On 26.01.2021 18:31, Eli Zaretskii wrote:
There are several methods available for that, but the simplest one is
to define new elements using the ones defined in the original schema.
Wouldn't that make it a derivative work?
I don't know.  What if it does?
The original schema's license can impose restrictions on that.
Does it, though?

The OASIS schemas we're talking about have a license blurb that starts with "All right reserved", and then only mentiones permissions to do derivative works "that comment on or otherwise explain it or assist in its implementation", which doesn't seem to cover derivative schemas for, say, experimentation.

Of course, many cases could be covered by Fair Use, and even those that don't, the likelihood of being sued is vanishingly low, and the main goal of theirs seems to be to avoid being misrepresented by others (e.g. by removing the authorship or keeping it but changing the contents somehow maliciously), but as a matter of license, permission for arbitrary derivative works seems absent.
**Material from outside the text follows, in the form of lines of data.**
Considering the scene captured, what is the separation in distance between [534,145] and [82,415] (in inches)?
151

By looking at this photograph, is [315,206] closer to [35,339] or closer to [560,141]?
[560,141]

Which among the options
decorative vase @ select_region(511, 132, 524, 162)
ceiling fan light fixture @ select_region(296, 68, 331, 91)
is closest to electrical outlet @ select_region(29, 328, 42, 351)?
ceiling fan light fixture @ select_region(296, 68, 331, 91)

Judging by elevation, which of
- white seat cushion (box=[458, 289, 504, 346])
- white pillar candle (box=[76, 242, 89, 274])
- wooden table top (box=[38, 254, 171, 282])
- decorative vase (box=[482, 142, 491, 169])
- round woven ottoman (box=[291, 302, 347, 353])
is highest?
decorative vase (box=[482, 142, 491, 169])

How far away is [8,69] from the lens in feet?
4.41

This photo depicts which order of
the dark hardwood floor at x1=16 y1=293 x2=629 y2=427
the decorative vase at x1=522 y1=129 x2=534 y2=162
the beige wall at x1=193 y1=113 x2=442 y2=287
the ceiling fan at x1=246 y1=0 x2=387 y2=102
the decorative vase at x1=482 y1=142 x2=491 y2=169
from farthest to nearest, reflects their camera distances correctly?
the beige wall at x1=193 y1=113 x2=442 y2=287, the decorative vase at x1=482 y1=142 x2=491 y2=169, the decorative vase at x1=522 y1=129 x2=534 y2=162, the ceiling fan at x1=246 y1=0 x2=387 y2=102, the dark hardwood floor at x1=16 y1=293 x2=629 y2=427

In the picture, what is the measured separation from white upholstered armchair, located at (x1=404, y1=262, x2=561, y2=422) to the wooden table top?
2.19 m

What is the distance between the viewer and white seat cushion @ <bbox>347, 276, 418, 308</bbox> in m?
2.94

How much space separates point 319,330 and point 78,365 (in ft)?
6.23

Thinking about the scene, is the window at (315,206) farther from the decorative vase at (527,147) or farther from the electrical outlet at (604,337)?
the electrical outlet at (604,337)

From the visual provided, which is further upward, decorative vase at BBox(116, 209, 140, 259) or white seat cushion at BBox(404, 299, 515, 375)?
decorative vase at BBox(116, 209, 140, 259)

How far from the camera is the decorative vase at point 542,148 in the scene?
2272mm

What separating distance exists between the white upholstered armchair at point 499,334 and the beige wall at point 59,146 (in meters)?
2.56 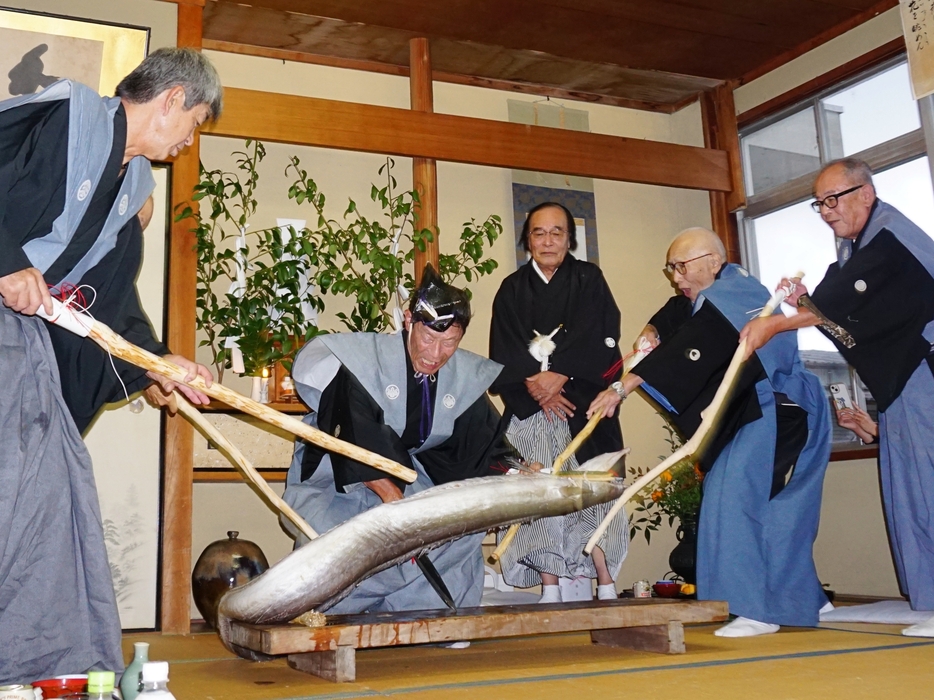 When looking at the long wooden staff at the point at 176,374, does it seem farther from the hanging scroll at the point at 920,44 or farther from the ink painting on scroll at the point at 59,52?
the hanging scroll at the point at 920,44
IANAL, consult your lawyer, etc.

And if it does, how useful is such a schema?

Just as a way to describe a certain fixed format, I guess?

The wording of their rules seems pretty bureaucratic. It seems you need to join OASIS (or work in a company that is part of it) to safely contribute to any new version of the format. Which is disappointing.

Again, IANAL, and perhaps there are some better explanations in their policy somewhere on the website. I just could find them so far.